The state Public Service Commission says Kentucky Power Company’s agreement to spend $10 million on “vegetation maintenance” across 20 eastern Kentucky counties “was a very important factor” in its acceptance of an agreement granting a 12.5 percent rate increase to the power company.
Kentucky Power said the increased spending will enable it to achieve a four-year cycle in clearing vegetation from near its power lines. The PSC said it intends “to closely monitor the work in the field to gauge the progress being made.”
Following are excerpts from the settlement agreement pertaining to the “vegetation maintenance.”
“The Unanimous Settlement Agreement between Kentucky Power Company and the state Public Service Commission contains three provisions that address distribution system reliability.
First, it locks in a $7,237,965 in ‘test-year’ distribution vegetation management expenditures. Without the agreement, the Company would have been free to shift a portion of those expenditures to other needs if circumstances so required. Second, it provides $10 million annually to fund increased distribution vegetation management work. Combined with the test-year amounts, Kentucky Power’s distribution vegetation management expenditures will be at two and one-third times the test year. Third, the Company is obligated to provide the Commission and the Attorney General annually with a circuit-by-circuit work plan prior to beginning each year’s work, and a circuit-by-circuit report of the work actually performed after the completion of each year’s.
The Plan and subsequent Report will enable the Commission Staff and the Attorney General to monitor the Company’s distribution vegetation management efforts, and to measure the results achieved against its plans. The Plan and Report are in addition to other reliability reports Kentucky Power is currently providing the Commission.
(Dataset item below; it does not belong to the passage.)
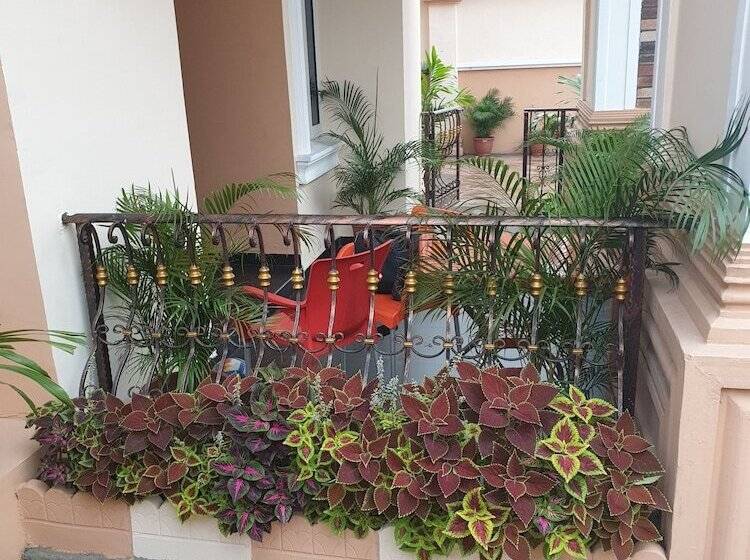 هتل Mexiloyd Luxury Rooms & Suites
Although the reduced funding amounts under the Unanimous Settlement Agreement mean it will take the Company longer to achieve the four-year trim cycle than it would if the full ‘as filed’ Distribution Vegetation Management Initiative were implemented, Kentucky Power still projects it can reach a four-year trim cycle under the Unanimous Settlement Agreement in seven years instead of the five years under (an original plan filed in March).
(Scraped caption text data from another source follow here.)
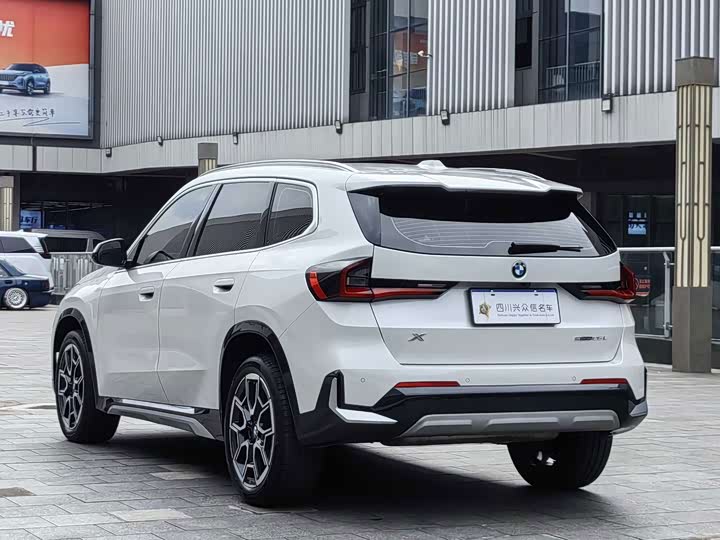 BMW X1, 2024 — фото 5 из 9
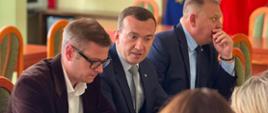 Wicewojewoda Mateusz Szauer z wizytą w powiecie elbląskim. Bezpieczeństwo i rozwój regionu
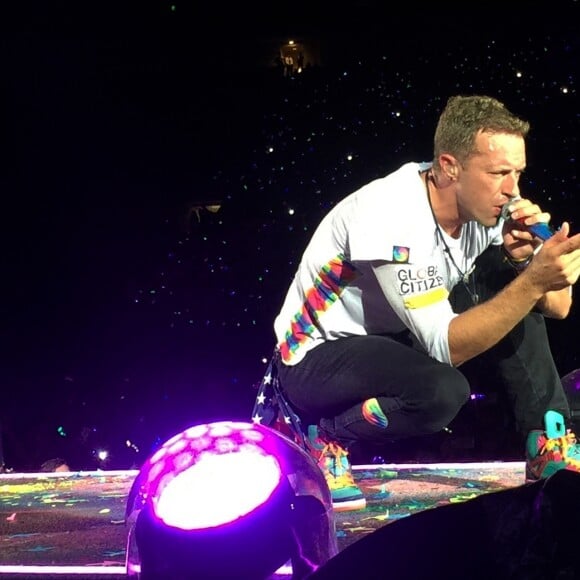 Chris Martin en concert avec Coldplay au Rose Bowl à Pasadena le 20 août 2016.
Once the four-year trim cycle is achieved, Kentucky Power projects, as it did under the ‘as-filed’ plan, a 47 percent decrease in tree-caused sustained outages.’ This alone should have a significant impact on Kentucky Power’s distribution system reliability in light of the fact that tree-related outages are the largest single cause of service interruptions.’ In addition, it will allow faster restoration of service after storms.
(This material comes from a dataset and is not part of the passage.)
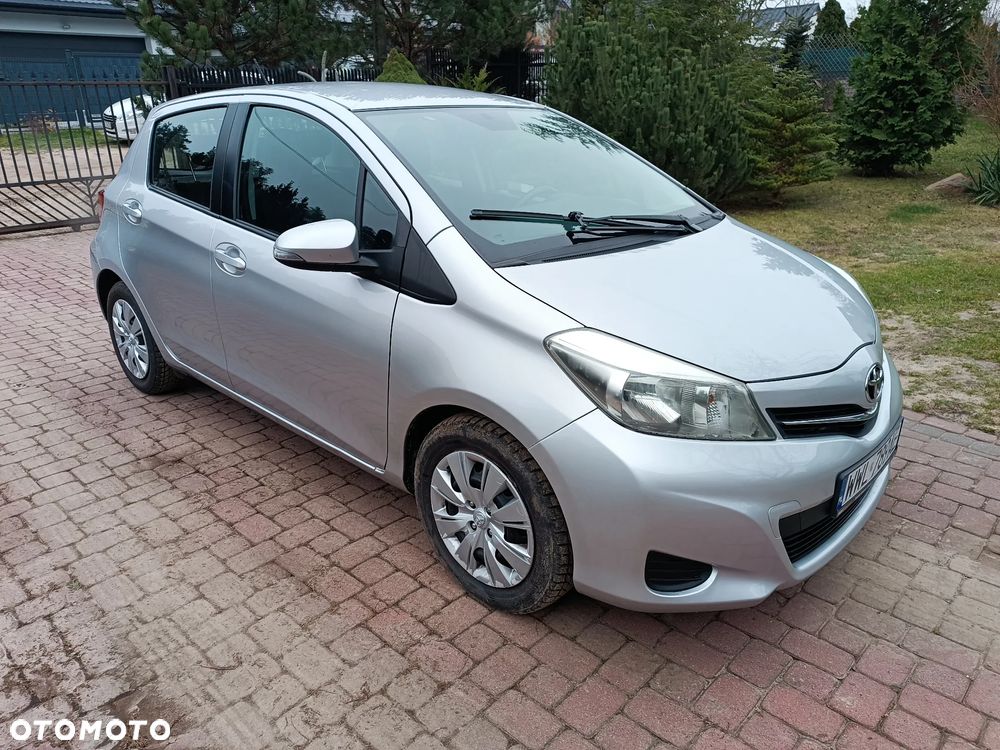 Toyota Yaris 1.33 Dynamic - 1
In the initial implementation of the Distribution Vegetation Management Plan, Kentucky Power will perform the work calculated to have the largest immediate effect on improving distribution system reliability.’ In particular, Kentucky Power will focus on many of the 2009 worstperforming circuits, as well as circuits with large number of customers. As early as the first six months of the increased spending, the Company expects to expand its distribution vegetation management efforts substantially:
• Approximately 1,257 miles of distribution line will be re-cleared by manual trimming, mechanical trimming and herbicide treatment during the six months ended December 31, 2010. This is 851miles more than the 406 miles planned for the second half of 2010 in the absence of the increased reliability funding.
• The Distribution Vegetation Management contract crew complement will be expanded from 71 existing crews to 91 crews (60 Asplundh new hires). Twelve experienced contract crews will be brought in from other locations for three months of work.
• An aerial saw will be utilized to trim 90 miles of distribution line. No aerial saw work was in the original 2010 work plan. The use of an aerial saw allows re-clearing in the most inaccessible areas and helps resolve tree overhang problem.
• Herbicide application will be increased from the 182 miles in the original plan for the second half of the year to 600 miles.
• Three contract foresters will be employed to assist the Company’s foresters in planning and monitoring the work performed.
• Planned overtime work of 80 hours per Asplundh crew will be performed.
As a result of this expanded work, Kentucky Power ‘customers will recognize the power quality and reliability benefits (from the vegetation management work) immediately once the work has been completed on their circuit.
In the context of this settlement, the commitment by Kentucky Power under the Unanimous Settlement Agreement to spend $17.237 million annually on Distribution Vegetation, $10 million of which is to be funded by the increased rates, properly balances the need for signifi- cantly increased funding for reliability work against the competing need to limit the impact of increased rates on customers.
By focusing the effort on distribution vegetation management, the parties agreed to deploy the increased funding where it could have the greatest immediate effect on reliability.
In sum, the Distribution Vegetation Management provisions of the Unanimous Settlement permit the Company to significantly strengthen its efforts to increase the reliability of the distribution system, albeit at a slower rate, without unduly burdening Kentucky Power’s customers.”